Pan-Africanism: It’s what Mandela went to prison for

    GOOLAM DAWOOD believes the philosophy of Pan-Africanism should inspire South Africans and their relationship with the rest of the world.

    We have mourned the loss of our icon, Nelson Mandela. We have rejoiced in his selfless and honourable life. We have celebrated him for the man he was. Western media have portrayed Mandela as a saviour, someone unique and outstanding in the world. But we South Africans know a little better.

    Nelson Mandela was not a saviour risen up from the ashes of apartheid, but a torch bearer of an ideology and sentiment called black consciousness. Nelson Mandela was a Pan-African. He was a link in the chain of African revolutionaries, some of whom were his contemporaries and others his ideological progenitors – Kwame Nkrumah, Malcolm X, Muammar Ghaddafi and Robert Mugabe to name but a few. He was a Pan-Africanist.
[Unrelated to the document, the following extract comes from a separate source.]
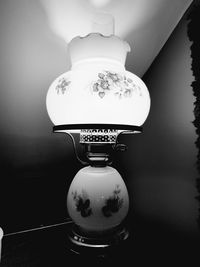 Close-up of illuminated lamp on table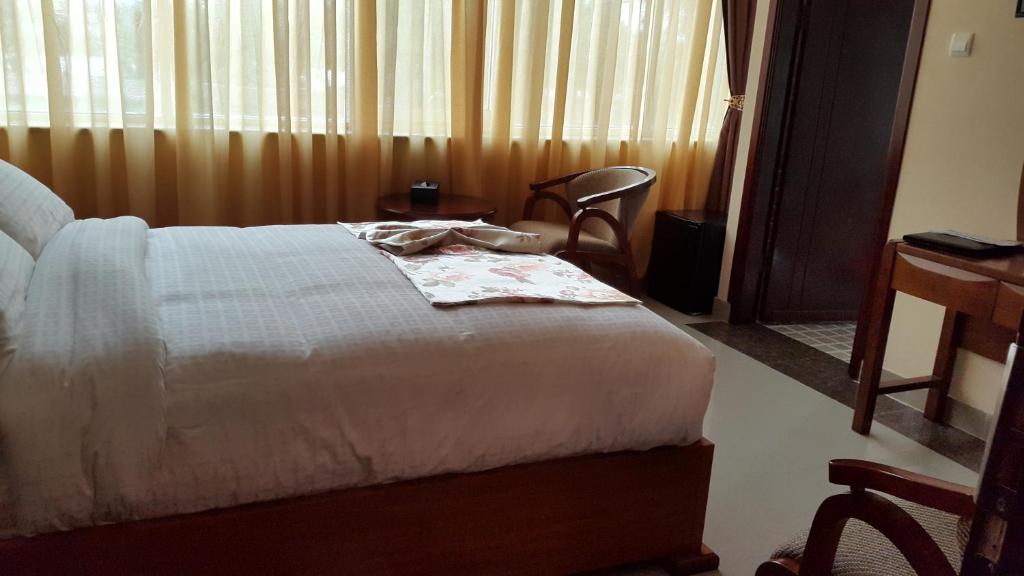 Postel nebo postele na pokoji v ubytování C Fun Addis Hotel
    Pan Africanism may sometimes appear militant, but it has quite a compassionate and humane world view. And it has been extremely gracious to some of its own most vicious detractors here in South Africa too. Stone-cold racist fascists and apartheid profiteers were miraculously transformed into honest citizens overnight by the spirit of Ubuntu. It is this same philosophy that paved the way for our own South African national reconciliation, and it sought to include multiple races in its view of a liberated African continent.

    This includes the liberation from the intellectual and social baggage of unrelenting forms of ethnic cleansing that was meted out to citizens over hundreds of years, and also the liberation from the tentacles of imperialism and colonialism, still practiced, in part, by the very same Western nations that sing Mandela’s praises today.
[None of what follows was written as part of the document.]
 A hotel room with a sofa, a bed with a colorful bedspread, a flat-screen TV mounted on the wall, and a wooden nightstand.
    Democracy has always been a means of Pan-Africanism, but never its objective. Movements arose out of their imposed national identity, but endeavoured to realise a transnational ambition of the liberation of Africans, their descendants and their beleaguered formerly colonised allies. Many different cultures including the Chinese, Arabs, Indians, Native and South Americans, and even the Irish were considered partners and compatriots in this struggle. Liberated from what? A global political, economic and social institution that devalues the pursuits and status of Africans and other non-Western people as being less-than and subservient-to that of their colonisers.

    I don’t think it’s an unfair expectation that when Nelson Mandela so graciously pursued a discourse of National Reconciliation and tried to promote the concept of a Rainbow Nation, that he expected of his citizenry their complementary duty to reorder their social priorities. We are rightfully expected place the progressive needs of the beleaguered African continent ahead-of and superior-to the needs of Western and other proxy states. The interest of the West, which filled its coffers with the spoils of African exploitation for four hundred years, are now to be made subservient to the interests of Africans. And the South African public, privileged and oppressed, are surely expected to be part of this broader project to vindicate humanity’s sordid history by reinvigorating the self-respect of the African public.